Aging? Transient and reversible
In the early 2000s Irina Conboy and her husband and research partner Michael Conboy had the feeling that our body's ability to regenerate damaged tissue remained alive even in old age with stem cells. Somehow, however, these cells would "turn off" with the biochemical changes due to aging.
“We had the idea that aging might be much more dynamic than people think,” Conboy said. “We thought it might be characterized by a transient and very reversible decline in regeneration. In short, a state that can be reversed by replacing deteriorated cells and tissues with healthy ones."
After the Conboys published their first, groundbreaking work in 2005, many researchers seized on the idea that specific proteins in young blood might be the key to unlocking the body's latent regenerative capabilities.
However, in the original report and in a more recent study, when blood was exchanged between young and old animals without physically joining them together, the young animals showed signs of aging. These results indicated that the “young” blood could not compete with the old blood.
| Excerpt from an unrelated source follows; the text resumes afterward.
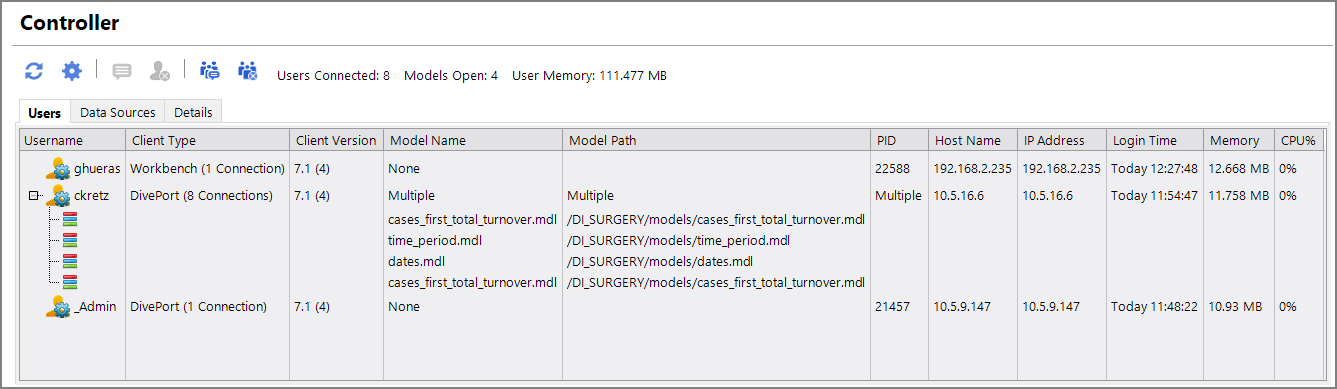 Controller Users View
Dilute the plasma to reduce harmful proteins
As a result, the Conboys pursued the idea that a accumulation of certain proteins with age was the main inhibitor of tissue maintenance and repair, and that diluting these proteins with blood exchange could be a solution.
In short, an alternative and safer path: instead of adding proteins from young blood, dilute the old plasma.
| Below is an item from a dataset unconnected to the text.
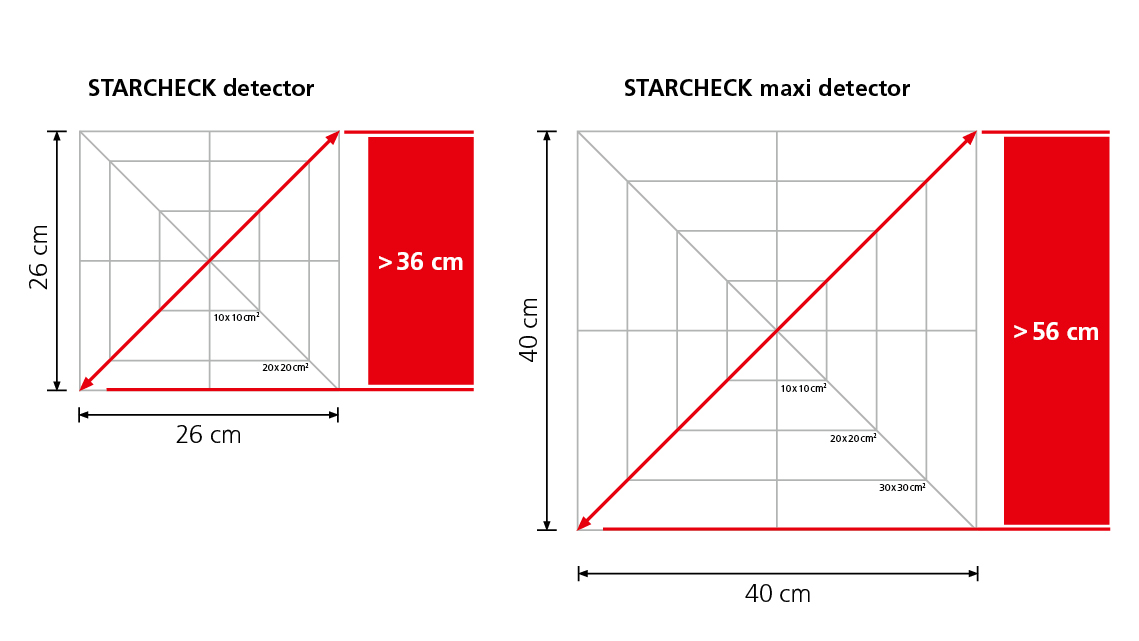 High-resolution measurements with STARCHECK and STARCHECK maxi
To test this hypothesis, the Conboys and their colleagues came up with the idea of performing a “neutral” blood exchange. Instead of swapping a mouse's blood for that of a younger animal, they would simply begin diluting the blood plasma with a solution containing its most basic ingredients: saline and a protein called albumin.
“We thought, 'What if we had age-neutral blood, blood that's neither young nor old?'” he says Michael Conboy. Bingo.
After finding that the neutral blood exchange significantly improved the health of the old mice, the team conducted a proteomic analysis of the animals' blood plasma to find out how the proteins in their blood changed following the procedure.
And dilute plasma in humans?
The researchers performed a similar analysis on blood plasma from humans undergoing therapeutic plasma exchange.
They found that the plasma exchange process acts almost like a molecular reset button. A “reset” button that lowers the concentration of pro-inflammatory proteins that increase with age, while allowing more beneficial proteins, such as those that promote vascularization, to rise back in numbers.
“Some of these proteins are of particular interest and, in the future, we may consider them as additional therapeutic and drug candidates,” Conboy said. “But I would like to warn against illusions of having found an elixir of life. It is very unlikely that aging can be reversed by changes in any one protein alone. In our experiment, meanwhile, we found that we can do a simple, FDA-approved procedure that steers the levels of numerous proteins in the right direction."
Therapeutic plasma exchange in humans lasts approximately 2-3 hours and has no or mild side effects.